Well folks, this month has marked my first year at Mythic Scribes since I was warmly welcomed into the fold (this calls for a celebration, lets break open the wine ), and I have to say it isn't a common thing for me to be checking the same forum I was checking a year ago.

I'll try not to bore you with a long speech, but this site, and most importantly you people, have been very valuable in my development as a writer, I now feel ready to tackle writing in a much greater way than before (I'm even considering taking it to university ).  When I have not been learning from this site, I've found it a great place to have a laugh and relax, again not something I can say about every forum.  I think this is a place to be proud of, here's a toast to the Scribes!

*drinks from a goblet, then takes a second for eyesight to reajust*

Mmmmmm, not bad that wine.  Anyway, I'm rambling now, so I'd just like to raise my glass to the architect and Scribe-master Antonio del Drago, to the moderators who do a fine job behind the scenes, and to all the Scribes, veteran or newly joined, who make this a hive of wisdom and enjoyment.  

Finally in the Xmas spirit, instead of thanking this post I'd like you to instead thank another Scribe, either one you've been getting on with or completely at random, for being a part of this.  And here's to another year!

Have a Christmas full of merry-making and a very productive New Year!​​


----------



## Ireth (Dec 15, 2012)

If I had a glass, I'd raise it too.
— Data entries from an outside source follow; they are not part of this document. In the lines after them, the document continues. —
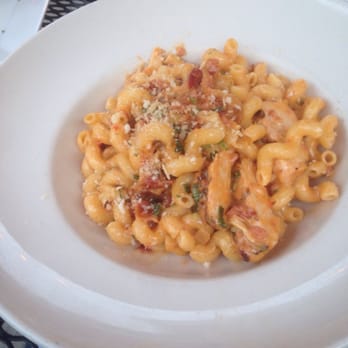 Winberie's Restaurant & Bar - The Cajun Mac and Cheese, it also has chicken, bacon, and sausage in it. Amazing! - American Near Me - Summit, New Jersey
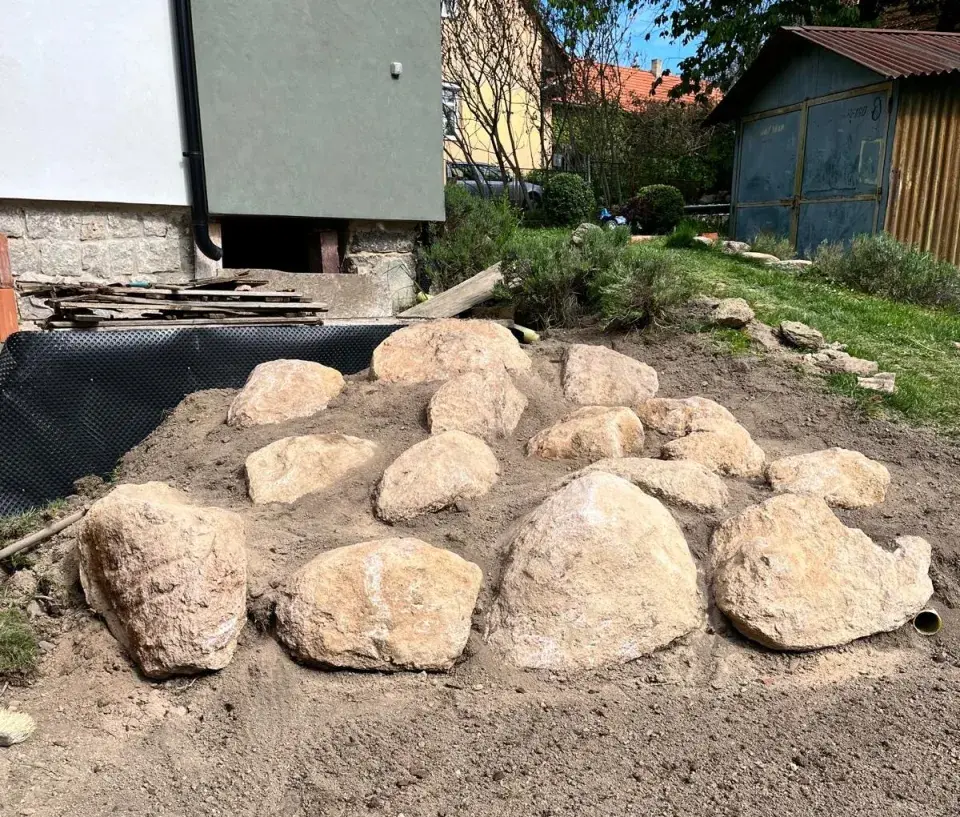 stavba skalky a schodů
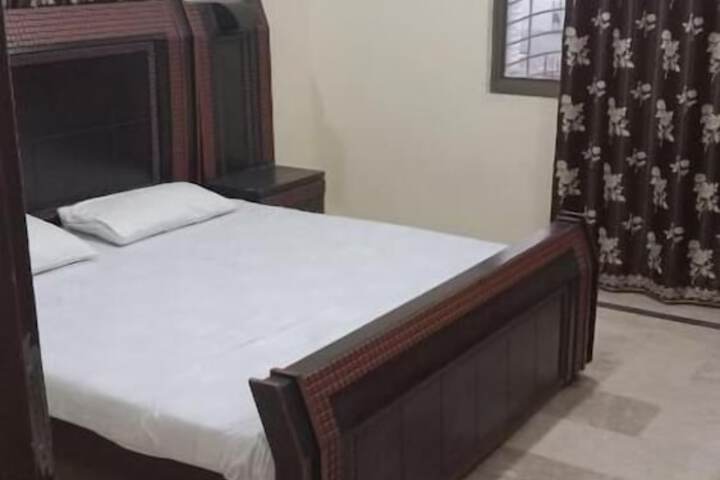 Room 9 of 9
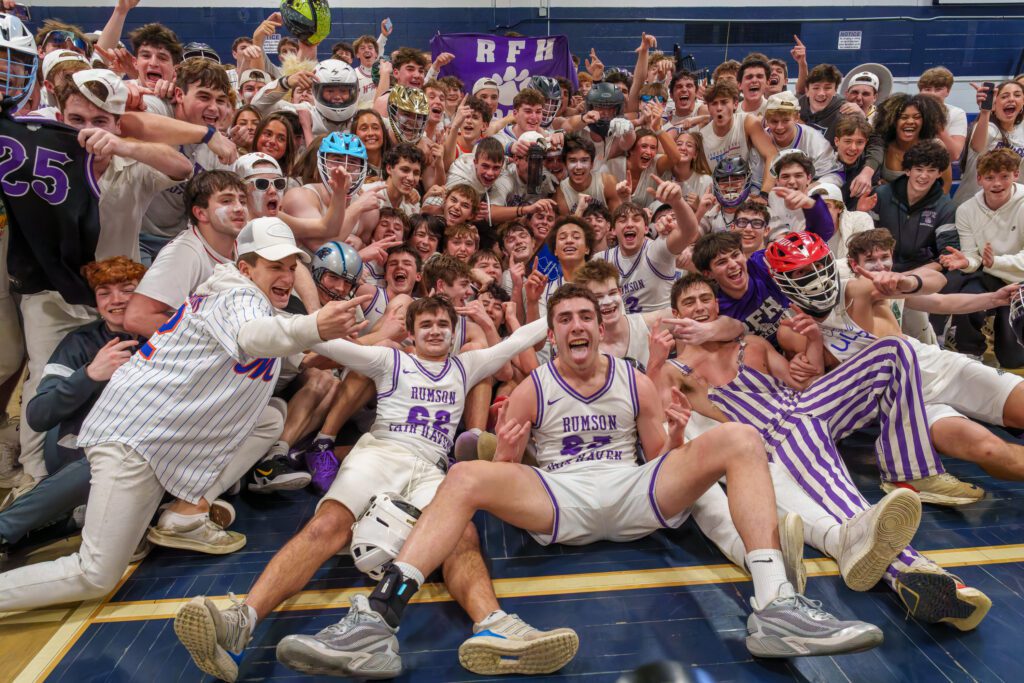 Rumson-Fair Haven celebrates winning the Central Jersey Group 2 title (Photo by Patrick Olivero) - Rumson Sectional Champions
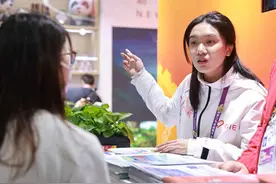 挺膺担当·进博有我｜外籍友人对她竖大拇指点赞直到电梯门关闭图片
Merry Christmas to all, and to all -- go and write!


----------



## Chilari (Dec 15, 2012)

I have a can of apple tango, I'll raise that.
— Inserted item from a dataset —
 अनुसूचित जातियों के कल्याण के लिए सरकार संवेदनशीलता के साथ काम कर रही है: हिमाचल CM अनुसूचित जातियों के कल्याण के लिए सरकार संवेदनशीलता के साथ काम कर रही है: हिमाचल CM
I too have found this place so helpful to my abilities as a writer and the way I think about it, as well as an enjoyable and friendly place to waste a few hours. I have gained insight, confidence, understanding, not to mention perspective and quite a lot of information, and most importantly, friends.
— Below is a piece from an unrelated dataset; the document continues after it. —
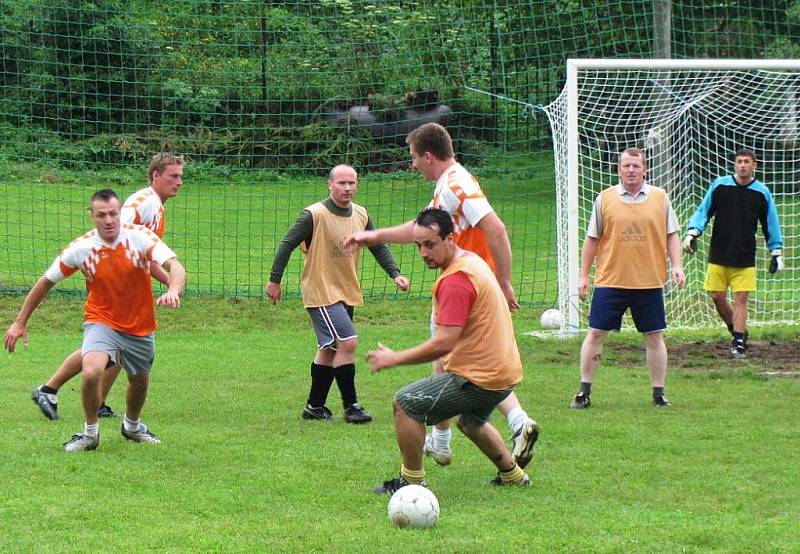 V sobotu 13. srpna 2011 se na hřišti ve Slížanech konal desátý ročník memoriálu Jiřího Navrátila v malé kopané.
Here's to Black Dragon and the other moderators, as well as to the members who make this place the rich and vibrant place it is.


----------



## Butterfly (Dec 15, 2012)

Looks like it's one year on for me too...

I got a choccie milkshake, so cheers!


----------



## Sparkie (Dec 15, 2012)

We love you too Aidan.  (I mean that in a totally non-weird way.  Crap.  I just made this weird, didn't I?)


----------



## FatCat (Dec 15, 2012)

Well said. And I guess I'm the only one so far who will raise a glass of wine, cheap wine but whatever , and drink to this! Cheers!


----------



## Aidan of the tavern (Dec 15, 2012)

FatCat said:


> Well said. And I guess I'm the only one so far who will raise a glass of wine, cheap wine but whatever , and drink to this! Cheers!



Give it ten minute'sh and you can't tell the diferenshe in quality anymore .


----------



## FatCat (Dec 15, 2012)

I never could tell anyways, haha. Yeah, drunk, good times.


----------



## Sheilawisz (Dec 15, 2012)

Aidan, it makes me very happy that you are part of Mythic Scribes =)

I have also completed my first year as part of this wonderful community, and I hope that there are many more Mythic Scribes years to come!! I have grown as a Fantasy writer and gained a lot of confidence, perspective and friends, so thanks to Black Dragon, my fellow Moderators and to so many people that make this place great.

I have not opened a wine tonight, but tomorrow I will!!


----------



## Reaver (Dec 16, 2012)

Aidan, you kick so much ass it makes ass kickers look like shiftless lay-abouts. I'm glad that you're a member here.





​


----------